How to decide whether or not to tell someone they are dying... I suppose this is a significant question. I think I want to know if I am dying — it seems rather odd that everyone would pretend you are ultimately going to get better when it looks like you won't.

28 January 2008

So many new things

If I believed in signs, this might be one — I got a deadline extended for a studentship application at the University of Leeds. The studentship I probably won't get, but I would like to see what happens. If it happens, then I guess we are going to Leeds where it is always cold.

The baby is now climbing up on the edge of the table and throwing everything on floor. She knocked over a cup of cold coffee and then played in it. Yoko has made two puppets. Pippo the Hippo and a dog, whom I haven't named yet.

27 January 2008

Great thing about being an adult

Here's one great thing about being an adult: If you fart, you don't have someone who is twice the size of you look down your pants to see if you've crapped yourself.

Calvinball

New rule, new rule!
In Case You Missed It: Hillary hears all the time from Democrats in Florida and Michigan that they want their voices heard. Yesterday, Hillary announced that she will ask her Democratic convention delegates to support seating the delegations from Florida and Michigan. "I hope to be President of all 50 states and U.S. territories, and that we have all 50 states represented and counted at the Democratic convention," Hillary said.

It'd be funny if she lost in FL too, although I do hear she has a substantial lead among old, white racists.

A blowout

24 January 2008

Notes

My post about death, Death as a hole, has been very popular, but it got moved to page two because I keep blogging. Click the link, stay on board.

The New Year's Sumo tournament is building to an epic showdown between Hakuho and Asashoryu.

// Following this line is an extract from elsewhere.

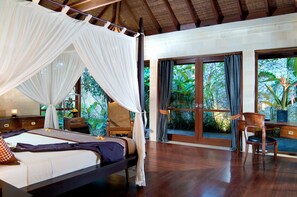 Luxury IV Master Pool Villa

Hillary Clinton is destroying the future of the Democratic party and winning the nomination in the meanwhile.
Imagine if at the next presidential debate Barack Obama — who is agitated about what he calls Bill Clinton’s misleading criticisms — cocked his head, smiled ruefully and, in Reaganesque “there you go again” tones, said something like this to Hillary Clinton: “You know, I admired some aspects of Bill Clinton’s presidency. But let’s recall that it was precisely these sort of too-cute-by-half statements that caused him to be reprimanded by a federal judge and stripped of his law license. Senator, you may want to go back to those days and that style of politics, but I think most Americans are ready to move on.”

Worth it?

23 January 2008

Parents liking kids

One of the interesting things about being a parent is finding out that parents really like their kids. At least when they're young. I mean, I'm crazy about the baby. Just crazy. She makes me so happy and we have the sweetest moments together all day long. And it occurs to me that me and my parents probably had all these same moments. I wish I could remember all of them and I wish Naomi could remember all the time we have together now.

22 January 2008

More of the same

I'm a person who reads debate transcripts. This is my favorite part from Monday night:
CLINTON: Now, wait a minute. Wolf, wait a minute. Wait a minute. Just a minute.
BLITZER: Senator Edwards, let them wrap up. Then I'm going to come to you. Yes?
CLINTON: I just want — I just to clarify — I want to clarify the record. Wait a minute.
EDWARDS: There's a third person in this debate.
BLITZER: Wait a minute, Senator Edwards. Hold on.
I should give a dramatic reading of this.

21 January 2008

O-BA-Ma

I wasn't born into money or great wealth or great privilege or status. I was given love, an education, and some hope. That's what I got. That's my birthright.




20 January 2008

Obama keeps losing

But not really:

"Barack Obama did well throughout the state,'' Obama campaign manager David Plouffe said in a conference call with reporters. Plouffe said Obama received 13 delegates for the party's national convention in voting today and Clinton got 12.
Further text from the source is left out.